GIVEN RECORDS:

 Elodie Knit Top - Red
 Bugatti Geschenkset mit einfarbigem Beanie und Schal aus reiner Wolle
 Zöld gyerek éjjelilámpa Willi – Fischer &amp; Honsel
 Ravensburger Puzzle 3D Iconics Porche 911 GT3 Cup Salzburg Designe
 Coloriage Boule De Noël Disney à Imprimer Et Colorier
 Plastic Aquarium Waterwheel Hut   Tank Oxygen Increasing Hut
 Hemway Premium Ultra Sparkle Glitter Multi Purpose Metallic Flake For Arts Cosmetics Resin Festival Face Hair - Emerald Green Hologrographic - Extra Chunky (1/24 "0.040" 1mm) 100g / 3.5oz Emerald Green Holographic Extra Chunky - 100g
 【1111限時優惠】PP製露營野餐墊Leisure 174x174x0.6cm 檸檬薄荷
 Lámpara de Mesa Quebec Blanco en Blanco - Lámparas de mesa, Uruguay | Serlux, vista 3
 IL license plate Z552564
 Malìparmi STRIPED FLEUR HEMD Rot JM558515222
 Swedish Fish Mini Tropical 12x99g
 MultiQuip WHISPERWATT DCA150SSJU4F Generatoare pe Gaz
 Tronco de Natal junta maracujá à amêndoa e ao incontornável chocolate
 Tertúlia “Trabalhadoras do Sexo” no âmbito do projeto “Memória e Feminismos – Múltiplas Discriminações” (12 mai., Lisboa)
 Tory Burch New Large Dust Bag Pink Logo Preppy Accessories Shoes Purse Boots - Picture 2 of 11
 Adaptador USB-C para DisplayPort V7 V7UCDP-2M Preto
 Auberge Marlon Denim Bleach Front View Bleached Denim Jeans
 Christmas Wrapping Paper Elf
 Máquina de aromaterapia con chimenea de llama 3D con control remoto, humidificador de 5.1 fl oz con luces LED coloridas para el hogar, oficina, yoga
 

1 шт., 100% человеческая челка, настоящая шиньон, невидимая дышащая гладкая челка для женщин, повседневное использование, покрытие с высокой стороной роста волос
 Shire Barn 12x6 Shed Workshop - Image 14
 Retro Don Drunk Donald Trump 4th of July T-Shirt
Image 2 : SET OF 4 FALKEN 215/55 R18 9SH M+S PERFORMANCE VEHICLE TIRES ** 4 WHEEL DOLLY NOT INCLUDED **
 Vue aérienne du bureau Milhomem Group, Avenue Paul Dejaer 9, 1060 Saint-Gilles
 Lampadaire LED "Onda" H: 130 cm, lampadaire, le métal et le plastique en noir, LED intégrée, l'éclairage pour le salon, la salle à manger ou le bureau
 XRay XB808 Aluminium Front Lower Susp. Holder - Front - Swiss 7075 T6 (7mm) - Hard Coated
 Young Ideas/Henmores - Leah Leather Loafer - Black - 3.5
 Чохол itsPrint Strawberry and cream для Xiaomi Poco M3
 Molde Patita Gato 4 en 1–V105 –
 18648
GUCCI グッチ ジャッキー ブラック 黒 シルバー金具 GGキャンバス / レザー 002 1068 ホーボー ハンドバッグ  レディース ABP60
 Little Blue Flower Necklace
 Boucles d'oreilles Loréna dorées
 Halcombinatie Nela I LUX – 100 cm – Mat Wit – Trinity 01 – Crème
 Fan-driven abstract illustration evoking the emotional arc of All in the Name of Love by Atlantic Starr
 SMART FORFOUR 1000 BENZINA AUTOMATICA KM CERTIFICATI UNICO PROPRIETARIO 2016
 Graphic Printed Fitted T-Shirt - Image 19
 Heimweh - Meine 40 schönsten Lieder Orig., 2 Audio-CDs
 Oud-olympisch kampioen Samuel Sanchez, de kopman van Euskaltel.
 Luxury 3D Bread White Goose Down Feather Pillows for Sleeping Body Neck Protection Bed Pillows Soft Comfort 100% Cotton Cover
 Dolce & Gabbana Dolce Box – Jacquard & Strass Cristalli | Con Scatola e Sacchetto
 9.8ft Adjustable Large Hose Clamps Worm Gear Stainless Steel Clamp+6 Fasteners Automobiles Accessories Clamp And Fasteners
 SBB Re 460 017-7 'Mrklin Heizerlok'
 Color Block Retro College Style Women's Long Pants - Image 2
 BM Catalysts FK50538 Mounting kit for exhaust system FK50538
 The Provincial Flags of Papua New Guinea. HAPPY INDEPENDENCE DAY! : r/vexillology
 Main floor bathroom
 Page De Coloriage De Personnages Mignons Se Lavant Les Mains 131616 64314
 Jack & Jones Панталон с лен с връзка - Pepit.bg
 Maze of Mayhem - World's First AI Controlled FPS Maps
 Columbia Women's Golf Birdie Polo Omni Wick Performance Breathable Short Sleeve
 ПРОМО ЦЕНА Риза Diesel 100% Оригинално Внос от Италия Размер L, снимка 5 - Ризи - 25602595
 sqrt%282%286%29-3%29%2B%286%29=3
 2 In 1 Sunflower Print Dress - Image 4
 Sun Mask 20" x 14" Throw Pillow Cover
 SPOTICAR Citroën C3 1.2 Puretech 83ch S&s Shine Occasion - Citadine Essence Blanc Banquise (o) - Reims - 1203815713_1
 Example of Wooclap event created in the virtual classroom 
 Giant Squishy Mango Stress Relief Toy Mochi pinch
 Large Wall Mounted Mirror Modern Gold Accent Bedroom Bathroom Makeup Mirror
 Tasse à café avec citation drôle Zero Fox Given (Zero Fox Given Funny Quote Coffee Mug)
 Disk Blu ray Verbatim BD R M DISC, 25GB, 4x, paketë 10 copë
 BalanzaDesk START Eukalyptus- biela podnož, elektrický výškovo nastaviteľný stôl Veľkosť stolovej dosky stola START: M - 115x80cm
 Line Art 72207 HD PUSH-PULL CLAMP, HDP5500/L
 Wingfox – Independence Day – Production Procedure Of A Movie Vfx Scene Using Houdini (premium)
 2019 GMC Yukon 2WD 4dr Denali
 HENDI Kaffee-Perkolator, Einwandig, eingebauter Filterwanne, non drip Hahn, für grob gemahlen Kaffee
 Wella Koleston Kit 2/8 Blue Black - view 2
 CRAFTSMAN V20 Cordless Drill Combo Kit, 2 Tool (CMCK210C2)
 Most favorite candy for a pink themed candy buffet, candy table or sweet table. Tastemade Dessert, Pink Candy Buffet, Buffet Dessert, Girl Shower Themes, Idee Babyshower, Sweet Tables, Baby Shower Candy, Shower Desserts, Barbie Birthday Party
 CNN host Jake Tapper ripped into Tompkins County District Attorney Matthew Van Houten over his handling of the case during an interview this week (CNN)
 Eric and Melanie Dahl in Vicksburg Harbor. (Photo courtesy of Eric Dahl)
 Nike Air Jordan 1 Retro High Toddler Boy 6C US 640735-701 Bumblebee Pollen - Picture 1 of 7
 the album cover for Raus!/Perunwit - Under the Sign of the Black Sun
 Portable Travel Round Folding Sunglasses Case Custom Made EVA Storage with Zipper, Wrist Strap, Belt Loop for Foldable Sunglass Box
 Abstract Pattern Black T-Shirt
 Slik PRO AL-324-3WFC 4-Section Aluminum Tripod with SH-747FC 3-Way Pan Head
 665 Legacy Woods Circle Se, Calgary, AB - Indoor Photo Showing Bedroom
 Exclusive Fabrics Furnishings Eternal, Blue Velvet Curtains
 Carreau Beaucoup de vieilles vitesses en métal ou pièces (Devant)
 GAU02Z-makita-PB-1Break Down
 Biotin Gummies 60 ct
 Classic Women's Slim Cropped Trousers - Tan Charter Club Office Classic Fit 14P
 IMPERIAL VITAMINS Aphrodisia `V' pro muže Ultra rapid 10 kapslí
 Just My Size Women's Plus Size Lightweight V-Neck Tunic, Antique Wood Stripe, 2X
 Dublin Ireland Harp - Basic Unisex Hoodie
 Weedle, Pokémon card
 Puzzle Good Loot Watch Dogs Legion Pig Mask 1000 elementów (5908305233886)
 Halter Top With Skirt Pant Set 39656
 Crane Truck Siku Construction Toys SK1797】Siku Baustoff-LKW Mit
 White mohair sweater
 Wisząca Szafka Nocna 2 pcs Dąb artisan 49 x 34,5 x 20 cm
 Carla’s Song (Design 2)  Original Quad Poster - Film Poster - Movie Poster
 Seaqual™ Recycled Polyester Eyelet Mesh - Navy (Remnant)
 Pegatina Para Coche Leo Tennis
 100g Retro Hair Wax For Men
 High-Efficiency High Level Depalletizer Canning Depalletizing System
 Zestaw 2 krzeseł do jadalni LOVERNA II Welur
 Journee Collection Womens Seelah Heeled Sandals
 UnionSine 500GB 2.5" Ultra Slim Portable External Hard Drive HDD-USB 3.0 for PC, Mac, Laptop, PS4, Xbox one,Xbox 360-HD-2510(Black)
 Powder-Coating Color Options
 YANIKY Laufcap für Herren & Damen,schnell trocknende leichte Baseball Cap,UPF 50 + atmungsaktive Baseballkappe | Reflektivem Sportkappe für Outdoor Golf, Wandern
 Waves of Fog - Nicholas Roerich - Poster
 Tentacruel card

EXERCISE BRIEF: Copy exactly. Start at the line containing "Wisząca Szafka Nocna" and continue through the last line of the records.

RESULT FOR THIS TASK:
 Wisząca Szafka Nocna 2 pcs Dąb artisan 49 x 34,5 x 20 cm
 Carla’s Song (Design 2)  Original Quad Poster - Film Poster - Movie Poster
 Seaqual™ Recycled Polyester Eyelet Mesh - Navy (Remnant)
 Pegatina Para Coche Leo Tennis
 100g Retro Hair Wax For Men
 High-Efficiency High Level Depalletizer Canning Depalletizing System
 Zestaw 2 krzeseł do jadalni LOVERNA II Welur
 Journee Collection Womens Seelah Heeled Sandals
 UnionSine 500GB 2.5" Ultra Slim Portable External Hard Drive HDD-USB 3.0 for PC, Mac, Laptop, PS4, Xbox one,Xbox 360-HD-2510(Black)
 Powder-Coating Color Options
 YANIKY Laufcap für Herren & Damen,schnell trocknende leichte Baseball Cap,UPF 50 + atmungsaktive Baseballkappe | Reflektivem Sportkappe für Outdoor Golf, Wandern
 Waves of Fog - Nicholas Roerich - Poster
 Tentacruel card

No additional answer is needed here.